From friends who'd grown up, or watched their children grow up, in California, and then discovered that they simply could not afford to remain there --- with family, friends, neighbourhoods, and landscapes they'd grown up and identified with --- this isn't just about providing housing for new arrivals. It's about housing the population that is there already. Likewise those who've retired and would like to remain in the state, preferably not too long a drive from friends and family (or medical services and at least some urban amenities). Or those who've found themselves burned out of homes an unable to find replacement housing.

California's forty-year "just say no" anti-housing campaign simply cannot be sustained while retaining functional cities, towns, and a state as a whole.

Or to put a twist on the tired argument: propertyowners and banks have no right to an ever-accellerating rate of asset inflation if it renders both society and economy unsustainable.

(That housing is now a crisis across the US, and in numerous other countries, doesn't diminish this argument at all.)

  • sul_tasto 4 years ago

    The society and economy in California have become unsustainable because the people who have been priced out would prefer to not have too long of a drive? How is this a credible argument?

    • dredmorbius 4 years ago

      Per the article: there are 100,000 homeless in the state.

      The median home price is $800,000, over 10x the median income of $75,235 (https://www.census.gov/quickfacts/CA)

      This isn't 100,000 people, an entire city's worth of people, who would prefer a shorter commute. It's 100,000 people, an entire city's worth, 40,000 families, a generation of children, who need a roof over their head, a bathroom, a kitchen, places to study and rest.

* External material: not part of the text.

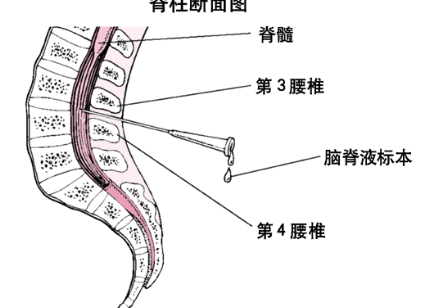 脊髓节段与椎骨的对应关系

      Your comment utterly ignores and misrepresents the reality.

      • sul_tasto 4 years ago

        So they all have a right to the most desirable locations? What about the rights of the people who worked hard and sacrificed to live in an area with single family homes? I don’t want to live in a multi-story egg carton.

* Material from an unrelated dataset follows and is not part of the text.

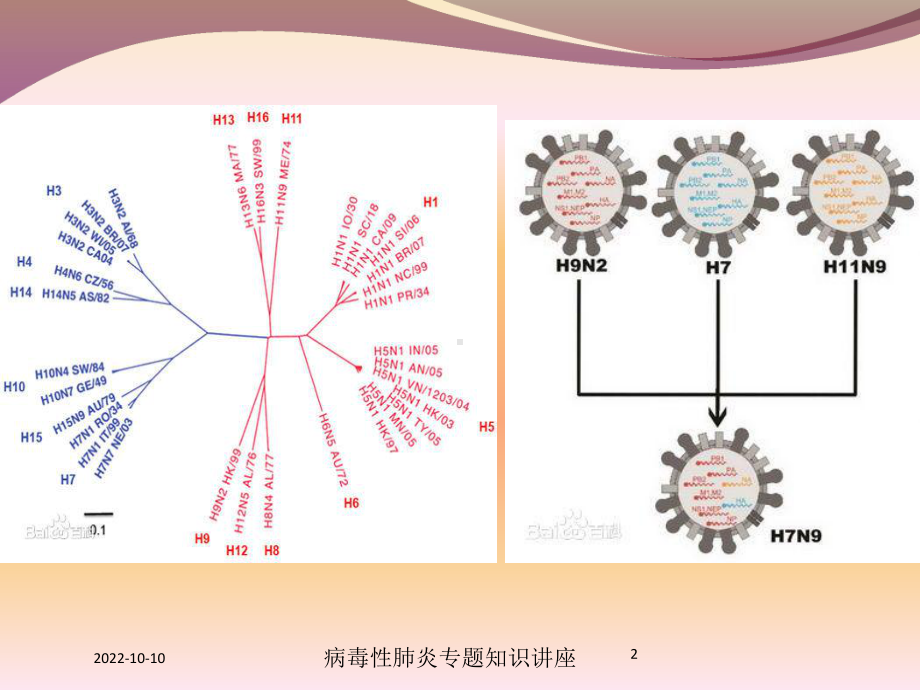 病毒性肺炎专题知识讲座培训课件.ppt_第2页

        I understand that there is a huge worker shortage in the US, and that the bus leaves twice a day.

        When my wife and I were getting started, we moved to a city with a lower cost of living. We renovated 2 fixer upper houses over almost 15 years. I did most of the work myself. Two years ago we finally had enough equity to get the house we really wanted. We paid $850k for a house on the east coast in a nice area. We don’t have ivy degrees or come from privilege. We worked really hard for a long time. There were times when it was really really hard. I’ve been on unemployment. I’ve been a single parent of two toddlers for months on end, multiple times, while my wife was away for work. I’ve worked shifts and barely saw my wife for months. I’ve had to grit my teeth and stay in a job for years with an abusive boss, who suffered from a personality disorder, because there were no other options to pay the bills…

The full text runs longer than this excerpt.